Table 2 Multiple regression analysis between ocular haemodynamic parameters, blood pressure, pulse rate and age

Discussion

The present study indicates that choroidal blood flow slightly increases with blood pressure. We observed that fundus pulsation amplitude increases by approximately 5% per 10 mmHg increase in MAP. Likewise, mean flow velocity in the posterior ciliary arteries increases by approximately 3.5% per 10 mmHg increase in MAP. Is this small increase of choroidal blood flow with increasing blood pressure of clinical relevance? It is currently not known what degree of overperfusion is detrimental for the eye. However, there is evidence that in healthy subjects choroidal blood flow is autoregulated over a wide range of perfusion pressures,9,10 which indicates that physiologically choroidal blood flow is almost constant. In patients without or with early stage diabetic retinopathy, the increase in ocular blood flow is only 10–20%.11,12,13 Hence, even small hypertension-induced changes in ocular blood flow may put the patient at additional risk for progression of diabetic retinopathy. It has been hypothesized that these small elevations in ocular perfusion may cause endothelial damage and dysfunction,14 which is observed in patients with type 1 diabetes at the level of the ocular blood vessels.15

In the present study we focused on young male subjects, because ocular blood flow declines with increasing age16,17,18 and little information on sex differences in ocular blood flow is available. In our study cohort of subjects aged less than 40 years we did not observe a significant association between age and the ocular haemodynamic parameters although a tendency was seen. In a previous study it has been observed that age is weakly negatively correlated with blood velocities in the ophthalmic artery.19 Moreover, we studied subjects with mild untreated hypertension, because any form of anti-hypertensive medication may affect ocular blood flow.20,21,22 Finally, we focused on subjects with SBP≤160 mmHg and DBF≤100 mmHg based on the evidence that even mild hypertension may induce an additional risk for progression of diabetic retinopathy in patients with type 2 diabetes.23

Fundus pulsation as assessed with laser interferometry and blood velocities of retrobulbar vessels as measured with colour Doppler imaging do not provide a direct measure of choroidal blood flow.
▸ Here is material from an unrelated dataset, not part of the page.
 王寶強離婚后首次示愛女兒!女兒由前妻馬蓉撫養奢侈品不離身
Fundus pulsation amplitude estimates the pulsatile component of choroidal blood flow, but no information on the steady component is obtained. It is not entirely clear which fraction of blood flow in the choroid is pulsatile. Estimates vary between 5024 and 80%.25 Interestingly, the association between PPA, which is the driving force of pulsatile blood flow, and fundus pulsation amplitude in the present study was not significant. This indicates that ocular fundus pulsation is mainly influenced by local ocular factors, but not by the blood pressure profile. Nevertheless, we cannot entirely exclude that systemic hypertension may influence flow pulsatility in the choroid.
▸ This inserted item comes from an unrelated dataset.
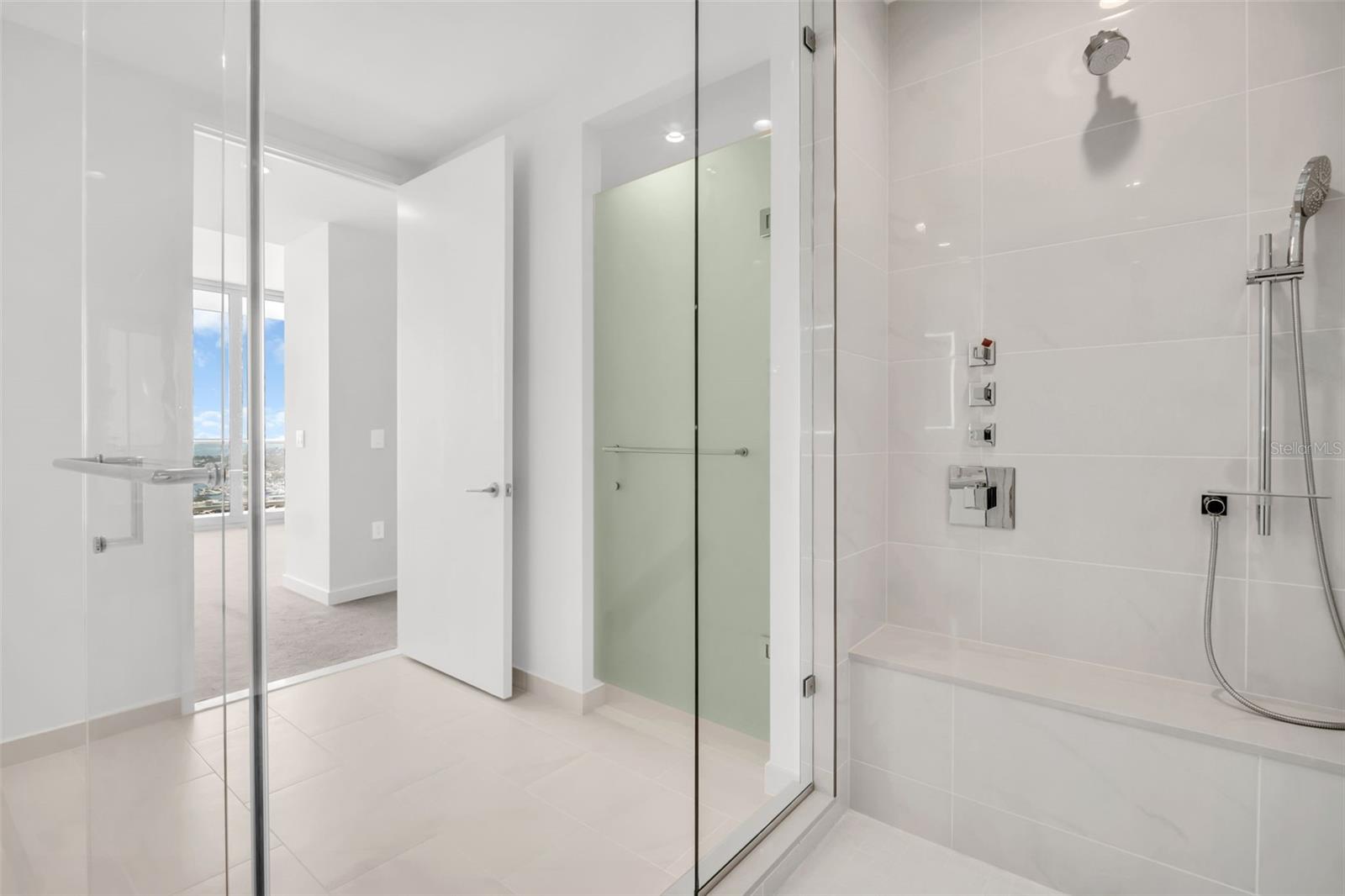 400 CENTRAL - Residential Lease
Colour Doppler imaging measures blood flow velocities in posterior ciliary arteries, but no quantitative information on vessel diameter is obtained. Hence, MFV data cannot necessarily be extrapolated to blood flow through these arteries. Interestingly, resistive index in the posterior ciliary arteries was not dependent on MAP, SBP or DBP, but was significantly associated with BPI. This is compatible with our previous findings7 and indicates that blood pressure profile is a determinant of resistive index in the posterior ciliary arteries, which should be taken into account when patients with different ocular pathologies are compared. In a previous study, flow velocities in the posterior ciliary arteries were not correlated with blood pressure.26 However, these authors included subjects aged between 7 and 78 years and found a significant impact of age on flow velocities in the lateral posterior ciliary arteries. Hence, comparison with the present data is difficult.

In conclusion, our data indicate a small, but significant increase in choroidal blood flow with increasing blood pressure.